When the body is subjected to various diabetic stimuli, the mitochondria is stimulated to produce superoxide, leading to the formation of the powerful oxidant nitrite, which damages DNA and depletes intracellular NAD (+)[53], resulting in a pathological state. Two common mechanisms[54] contribute to increased oxidative stress[55] in diabetes: One is an increase in free radical production and the other is a decrease in the levels of protective endogenous antioxidants. Also, natural antioxidants include dandelion[56], saffron[57,58], hawthorn[59], vitamin C and vitamin E[60]. However, rhizoma polygonate in traditional Chinese medicine can dephosphorylate DNA to damage DNA[61]. In addition, hyperglycemia activates nuclear factor kappa-B, which can lead to changes in the inflammatory response, upregulation of COX-2, inducible NO synthase (NOS)[62], tumor necrosis factor α and interleukin 1, promotion of cell proliferation and inhibition of cell death. The increased expression of inducible NOS catalyzes the production of large amounts of NO[63]. The inhibition of TLR2/4 signaling can avoid nuclear factor kappa-B translocation, ultimately reducing cell apoptosis[64]. The hyperglycemic environment can stimulate the mitochondrial respiratory chain to produce a large number of oxygen free radicals, activate protein kinases C[65] and promote the NADPH-related processes of oxidative stress, leading to endothelial cell apoptosis. A small number of ROS can maintain normal physiological function[66]; however, an excess of ROS causes oxidative stress[67], which can activate multiple stress kinases and related proteases and affect their activities[68], aggravate cytotoxicity and attack cells, leading to endothelial progenitor cell senescence, apoptosis and inhibition of migration and proliferation. Superoxide anions and H2O2 in the ROS family play a major role in this process. In addition, the activity of endodermal NOS is reduced, the metabolism of tetrahydrobiopurine (BH4) is abnormal, and dihydrobiopterin (BH2) cannot be recovered in diabetes, resulting in a lower level of BH4[69]. NOS induces the formation of many superoxide anions instead of NO, aggravating oxidative stress. Advanced glycation end products lead to an imbalance in ROS production and clearance and increased endothelial permeability[70]. Oxidative stress impairs angiogenesis through multiple mechanisms.

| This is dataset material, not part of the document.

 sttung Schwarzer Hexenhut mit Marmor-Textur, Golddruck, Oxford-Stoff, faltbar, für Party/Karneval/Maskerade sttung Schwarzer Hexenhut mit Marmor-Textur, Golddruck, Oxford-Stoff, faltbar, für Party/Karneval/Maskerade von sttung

Endothelial progenitor cells

Endothelial progenitor cells (EPCs) are fusiform cells with limited proliferative capacity in the early stage and cells with high proliferative capacity in the late stage[71]. During tissue ischemia, EPCs can be mobilized from bone marrow to damaged blood vessels for vascular repair or angiogenesis, or the number of circulating EPCs increases via various factors, including VEGF, stromal cell-derived factor-1 or stem cell factor. EPCs can proliferate, migrate, adhere and differentiate into ECs, repair damaged ECs and secrete angiogenic factors such as VEGF to promote angiogenesis in ischemic tissues[72].

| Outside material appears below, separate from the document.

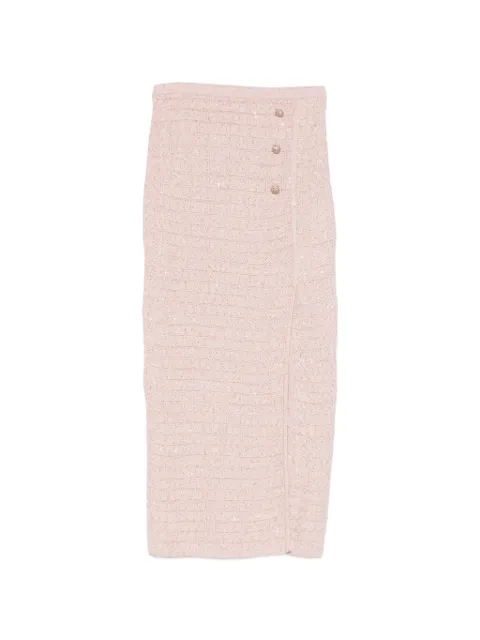 Alessandra Rich button-embellished midi skirt Pink FABX4353K47227674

In diabetes, endothelial dysfunction and delayed angiogenesis promote the occurrence and development of diabetic vascular complications. In the high glucose environment, the number of EPCs is reduced and their functions are impaired[73]. In addition, EPCs are less responsive to ischemia, VEGF, stromal cell-derived factor-1 and other stimuli, and the mobilization mechanism is damaged. EPCs may also secrete antiangiogenic factors. The high glucose environment leads to the excessive production of ROS, excessive activation of NADPH oxidase and a significant decrease in the levels of manganese-containing superoxide dismutase and other antioxidant enzymes, resulting in EPC dysfunction[74]. The excessive production of ROS significantly increases the levels of oxLDL, inhibits Akt phosphorylation and endothelial NOS (eNOS) expression, decreases NO activity, inhibits the PI3K/Akt/eNOS signaling pathway and induces the apoptosis of EPCs, migration of EPCs and formation of functional defects in the lumen[75]. In addition, the severe inflammatory environment of diabetes causes impaired adhesion and proliferation of EPCs as well as neovascularization.

However, when patients with diabetes suffer from vascular complications, the number and function of EPCs in different parts (microvessels and large vessels) are different. For example, when such patients suffer from peripheral artery disease, the number of EPCs decreases. However, the proliferative capacity of EPCs is increased in patients with proliferative retinopathy.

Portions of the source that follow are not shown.